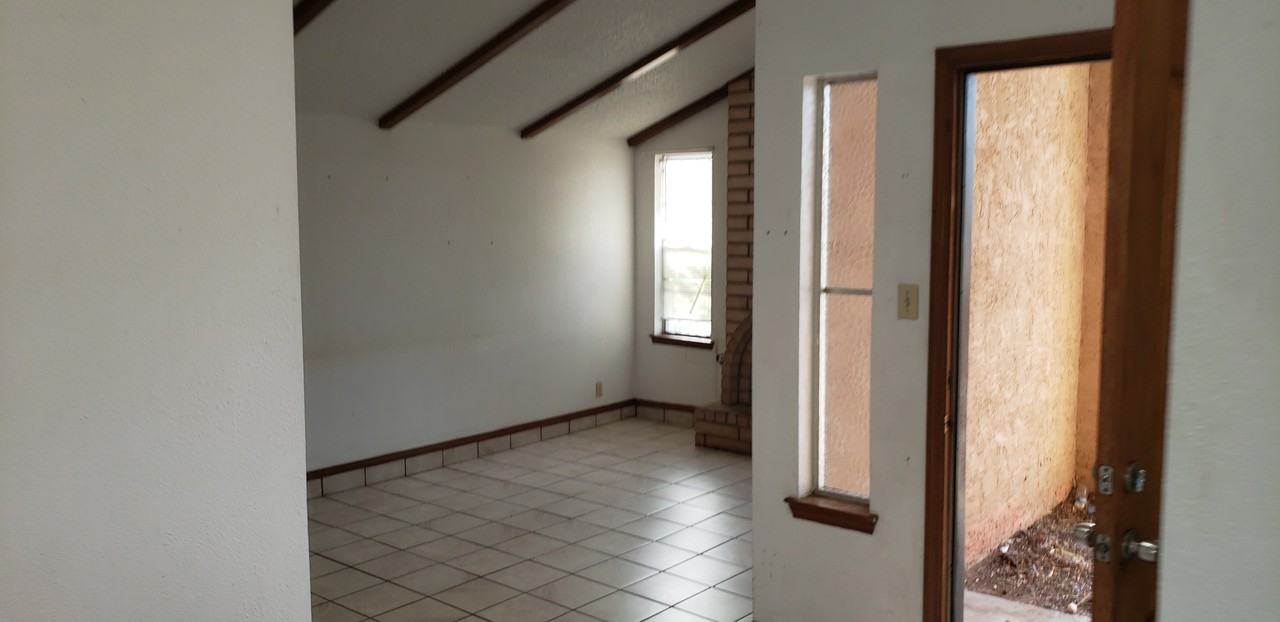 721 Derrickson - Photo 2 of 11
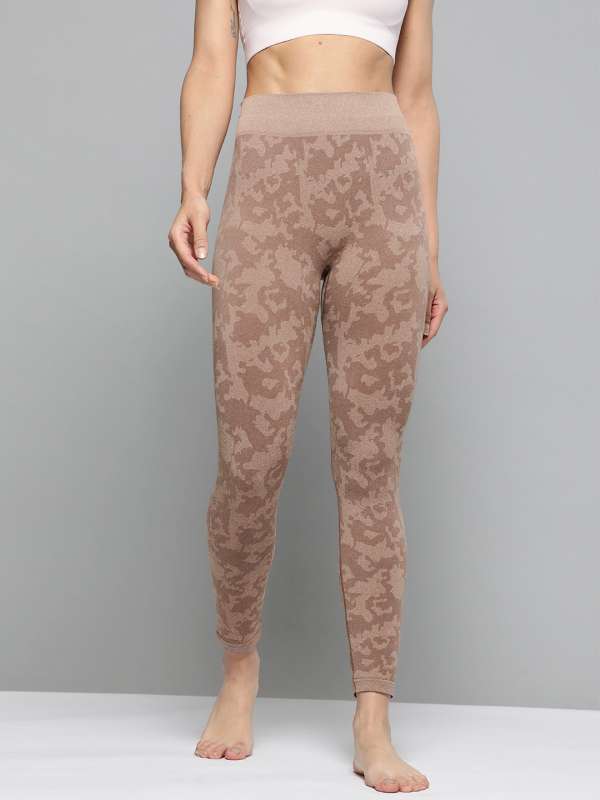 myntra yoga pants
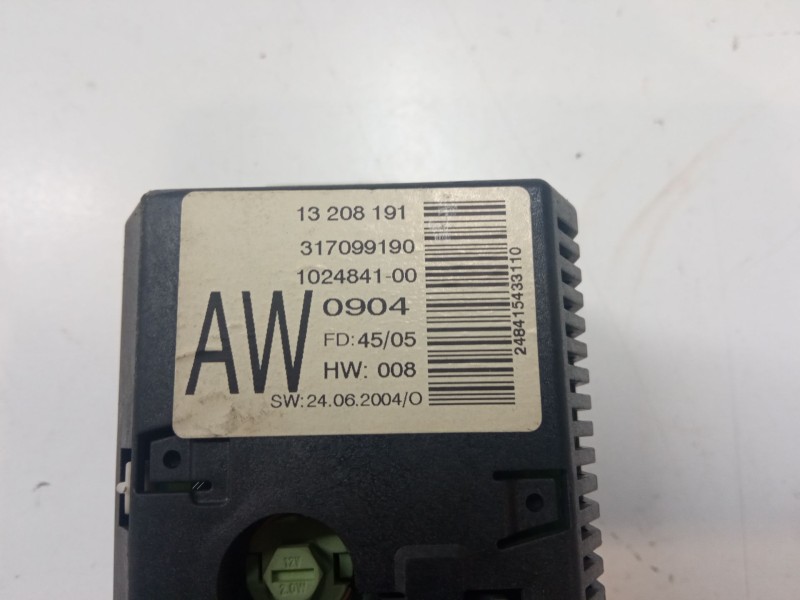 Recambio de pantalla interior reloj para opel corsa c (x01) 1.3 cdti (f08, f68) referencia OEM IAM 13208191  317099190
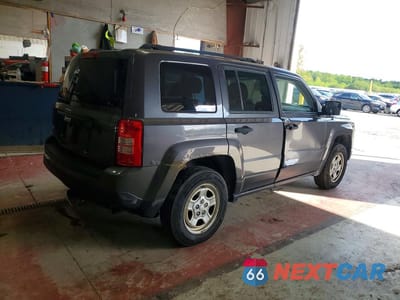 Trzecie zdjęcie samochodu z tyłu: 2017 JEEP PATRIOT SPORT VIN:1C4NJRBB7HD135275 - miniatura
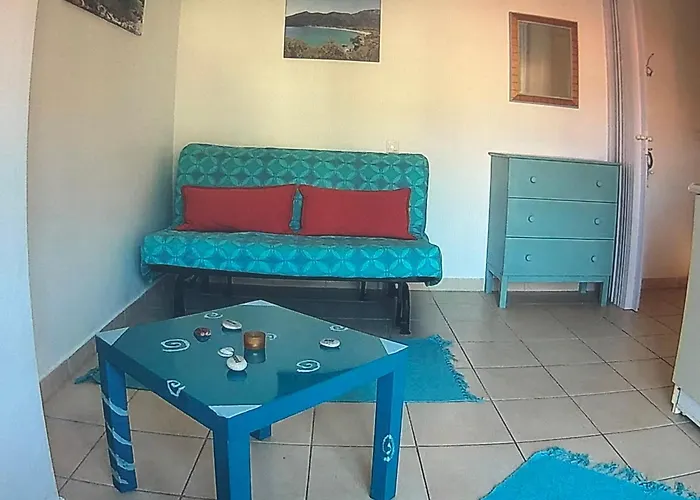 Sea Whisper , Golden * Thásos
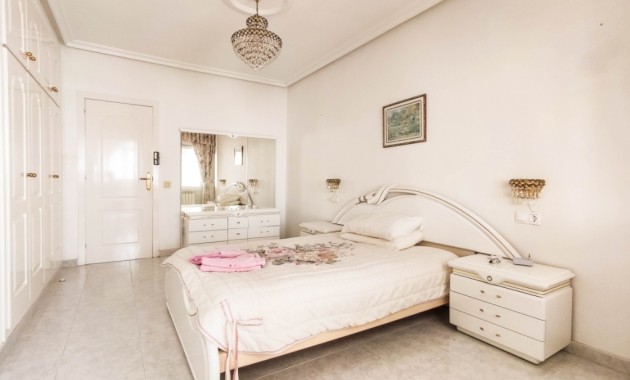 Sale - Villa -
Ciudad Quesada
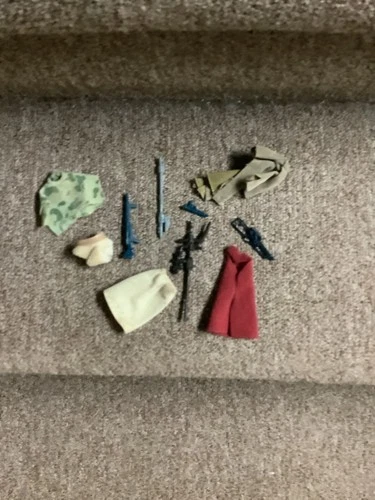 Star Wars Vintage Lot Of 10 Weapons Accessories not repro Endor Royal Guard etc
○ ○ ○
ASSIGNED TASK: Pictures in the listing above must be skipped; everything else should be copied exactly.

SOLUTION FOR THIS TASK:
 721 Derrickson - Photo 2 of 11
 myntra yoga pants
 Recambio de pantalla interior reloj para opel corsa c (x01) 1.3 cdti (f08, f68) referencia OEM IAM 13208191  317099190
 Trzecie zdjęcie samochodu z tyłu: 2017 JEEP PATRIOT SPORT VIN:1C4NJRBB7HD135275 - miniatura
 Sea Whisper , Golden * Thásos
 Sale - Villa -
Ciudad Quesada
 Star Wars Vintage Lot Of 10 Weapons Accessories not repro Endor Royal Guard etc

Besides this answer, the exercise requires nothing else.